Le thème des génériques a réuni plus de 300 professionnels à Montpellier.

© © SFSTP

LE 42e CONGRÈS DE LA SFSTP A ATTESTÉ D'UNE ÉCRASANTE MONTÉE EN PUISSANCE DES GÉNÉRIQUES.

Le thème des génériques était à l'honneur au 42e congrès de la SFSTP qui s'est tenu du 2 au 3 juin 2010 à Montpellier et a réuni plus de 300 professionnels de santé. Dix ans après la création du répertoire, qui liste l'ensemble des génériques d'un médicament de référence (princeps), l'association a souhaité faire le point sur tous les aspects technico-économiques spécifiques à ce segment de marché, en s'intéressant aussi à l'image des génériques parfois controversée.

Invité à la tribune, Noël Renaudin, président du Comité économique de produits de santé (CEPS), a rappelé que le renouvellement de nouvelles molécules dans les grandes classes de médicaments s'était interrompu, citant les domaines du métabolisme (à l'exception du diabète), du cardiovasculaire, de la dermatologie, des hormones, des antibactériens, du respiratoire... « Ce n'est pas un phénomène isolé à certaines classes, c'est un phénomène global », a-t-il ajouté. Compte tenu du fait que les 20 premières molécules mondiales vont tomber dans le domaine public d'ici à 2015, il prévoit que la consommation de génériques va devenir « écrasante », tant du côté des pays riches qui cherchent à faire des économies de santé que dans les pays en développement qui accèdent à la santé. A l'avenir, le générique ne sera plus le remède palliatif, mais « le bon médicament ».
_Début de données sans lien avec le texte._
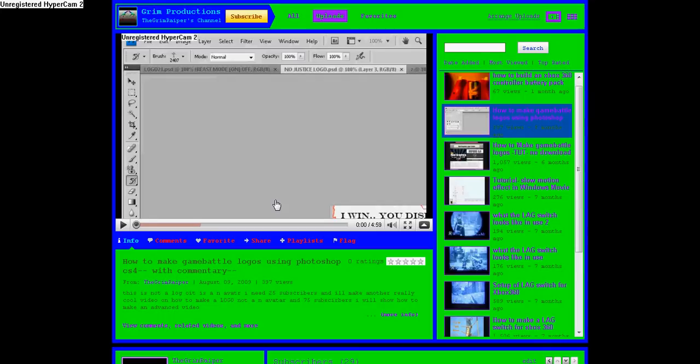I'll be starting to do more Modern Warfare 2 montages. My gamertag is EK space capital I space slacked. I'll put that somewhere on my profile.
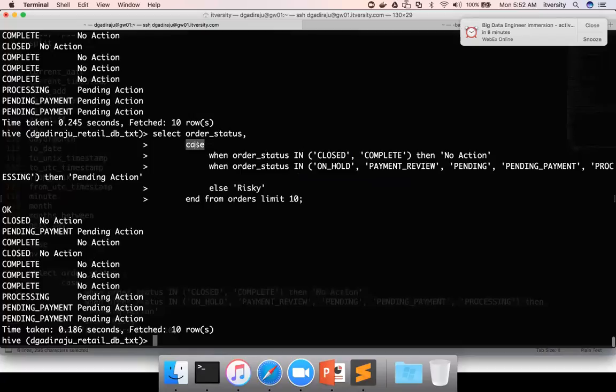CASE is also a function but the syntax is a bit different — it's not a conventional function. NVL is a special type of CASE function: if a particular value is null and you want to take a default action, otherwise get whatever is in the column, we use NVL. For example, in this case let's say there are some records where order_status is null.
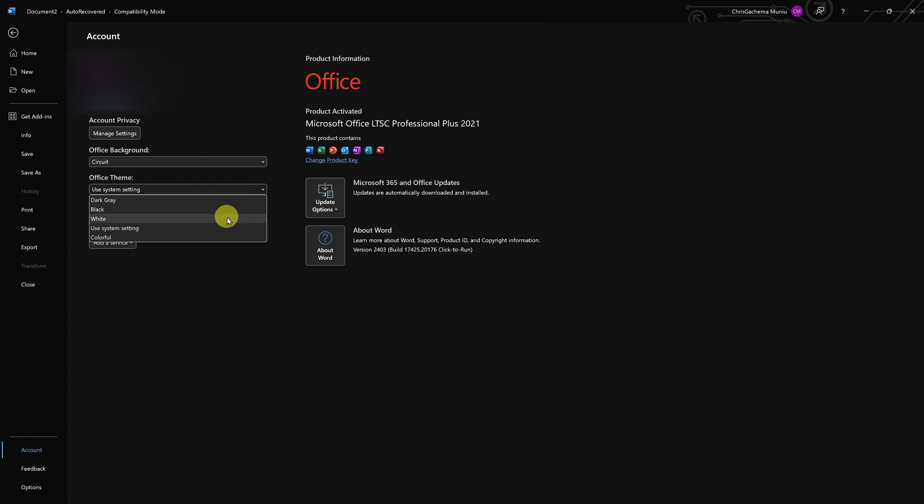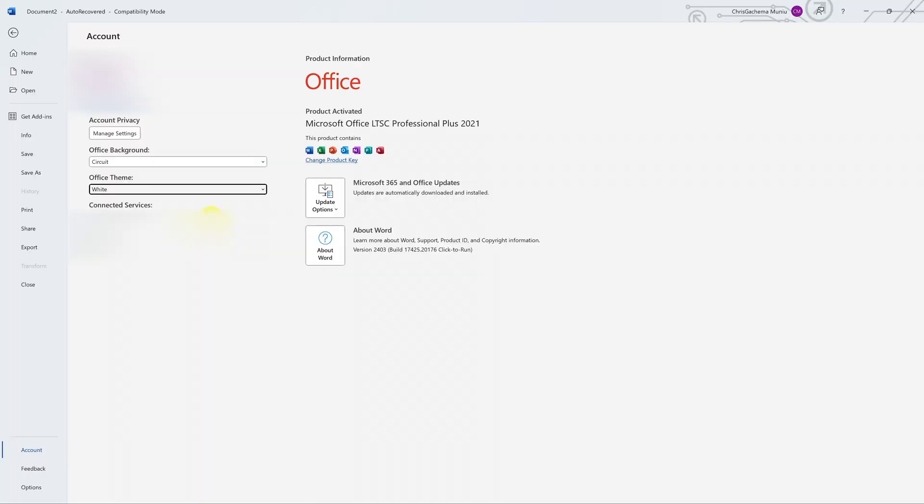Now, of course, there are other themes you can choose, but White is normally the default theme for Microsoft Word. So just select White and then you have your good old background and theme.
« La conséquence pour les acteurs de la pharmacie est qu'ils vont porter un regard plus attentif au générique qui ne sera plus un marché de relais mais un marché principal », a expliqué Noël Renaudin. Déjà, de grands acteurs mondiaux ont dû réviser leurs positions, en particulier Sanofi-Aventis et Pfizer qui font une percée importante dans le domaine. Alexandre Germay, directeur de la BU Produits établis chez Pfizer-France a confirmé que son entreprise ambitionne de devenir un leader mondial du marché Post LOE (médicament après perte de brevet). Stratégie qui s'inscrit plus largement dans le cadre d'une diversification. « Dans un contexte où les nouvelles entités chimiques se font rares, la diversification fait son retour. Santé animale, OTC et génériques permettent de répartir les risques et constituent un socle stabilisateur permettant de poursuivre les investissements et d'apporter de nouvelles réponses thérapeutiques », a témoigné Alexandre de Germay. De leur côté, les acteurs de génériques se consolident. Dernière opération en date: la reprise de l'Allemand Ratiopharm par l'Israëlien Teva.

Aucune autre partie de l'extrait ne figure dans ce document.